The task must be broken down into tiny, individual pieces and those
pieces practiced in an environment as similar to the real thing as
possible. For example, let’s say that
you read Crucial
Conversations and you want to practice this communication skill. You don’t call in your toughest teachers and
practice having difficult conversations with them. First, you go to lunch with a colleague and
practice “Speaking Tentatively” (one of the skills in Crucial
Conversations). Have your colleague say
50 things to you and you respond tentatively (“Well maybe you might try . . .”
or “Have you considered . . .”) until you're comfortable speaking this way.
The second key to deliberate practice is to receive expert
feedback on your performance. Let’s say
that your Instructional Rounds determine that a lot of class time is wasted
correcting misbehavior during lessons.
Some of your teachers use simple hand gestures to correct the behavior
without breaking their stride.
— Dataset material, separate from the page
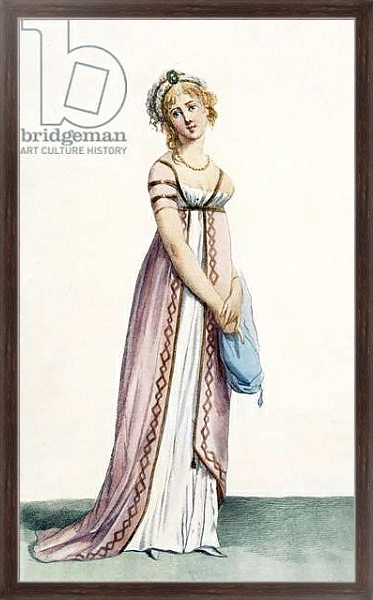 Постер A simply designed lady's ball dress, illustration from 'Journal des Dames et des Modes', 1799 с типом исполнения На холсте в раме в багетной раме 221-02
So, you
set up a faculty meeting where those teachers show the entire faculty how to
use the gestures and typically, that’s where it ends. Practice Perfect suggests that you set up
chairs like fake classrooms and have teachers rotate through practicing the
hand signals with their fake classes filled with colleagues. The trainer teachers would each be with one
group giving feedback and having teachers try again when necessary. Of course, the administrator would need to do
classroom walkthroughs, follow-ups, and retraining after the meeting.
For administrators, this feedback often comes from an expert
coach. Every leader should have both a
coach who can provide one-on-one feedback as well as an advisory committee to
give big picture feedback. The coach can
sit in on meetings with parents and teachers, attend faculty meetings, or tag
along during classroom walkthroughs and give feedback on specific skills that
the administrator is practicing.
It is possible to practice being a better teacher or a
better administrator. How has your
school used practice to become even better?